NW, I have no idea about the relationship between the wild onions, but they are all good. I took the flower tops off of some of our wild garlic, chopped them up and tossed them into a venison salad, paired with an elderberry wine, I certainly dont deserve to eat like that!

As far as Kirkwood wines go, I have no connection etc, they were at a mountain heritage show this weekend showing their WV wines. We are drinking their blueberry right now, its a little bit better than my best blueberry, in other words damn good 

Crackedcork


----------



## rgecaprock (Jun 8, 2007)

Cracked, 


I was wondering about the ramps. I'll bet that is an interesting wine. Have you seen the recipe for it?


Now I'm going to ask about elderberries. I see them growing here in the city in the suburbs along the roads and bayous. I noticed the berries on some today,,,,not ripe yet. Would they be good for wine since they are growing wild...i'm sure they would.

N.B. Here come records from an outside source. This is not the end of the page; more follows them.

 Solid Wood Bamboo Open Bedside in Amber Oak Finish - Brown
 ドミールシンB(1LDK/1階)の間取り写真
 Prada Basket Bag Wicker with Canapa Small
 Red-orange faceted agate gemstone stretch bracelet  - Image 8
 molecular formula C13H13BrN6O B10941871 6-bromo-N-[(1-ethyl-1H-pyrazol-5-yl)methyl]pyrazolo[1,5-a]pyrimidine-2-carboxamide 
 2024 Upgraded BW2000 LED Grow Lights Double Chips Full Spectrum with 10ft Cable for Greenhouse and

I might stop and collect some when I see that they are ripe and just try a gallon or two. I bet just about no one around here knows what they are.


Glad you got to try some ramp wine....thanks for sharing that and the link.

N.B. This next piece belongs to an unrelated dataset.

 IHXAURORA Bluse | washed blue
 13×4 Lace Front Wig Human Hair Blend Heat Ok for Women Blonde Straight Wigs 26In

Ramona*Edited by: rgecaprock *


----------



## NorthernWinos (Jun 8, 2007)

I have seen a recipe for Garlic Wine and wondered about it....If we get a good crop this year just might try a gallon....BUT...would think it would be just for marinade...any thoughts?


----------



## Cracked Cork (Jun 8, 2007)

Ramona, the first elderberry wines were made from wild ones  I have only used tame ones as that is what we have and the wild ones always seem to grow on other peoples backyards or railways and I am not crazy about railway berries. I personally wouldnt make ramp wine, for cooking we use ginger wine, lots of flavor there. Crackedcork


----------



## rgecaprock (Jun 8, 2007)

So would not recommend picking the "street and ditch" berries? My dad used to make them from the wild ones....but wild in WV and wild here are probably two different animals.....ya think?


Ramona


----------



## Cracked Cork (Jun 8, 2007)

Ramona, if you are in TX the only difference is you guys got rattlers and we have copperheads in WV  Crackedcork
*Edited by: Cracked Cork *


----------



## rgecaprock (Jun 9, 2007)

We have copperheads too, I lifted up a flower pot one moring when I was living in a house and a very pretty one, must have just shed it skin was all curled up underneath. Then I saw 2 more that year. And that was in the suburbs.


Ramona


----------



## smokegrub (Jun 9, 2007)

Ramps are very strong with a reputed peculiar characteristic. It is said that if they are eaten in large quantity the consumer will begin to emit a strong garlic-like odor. I wonder how they smell under fermentation. Somehow I just can't envision a ramp wine nor can I envision how one might use it.


----------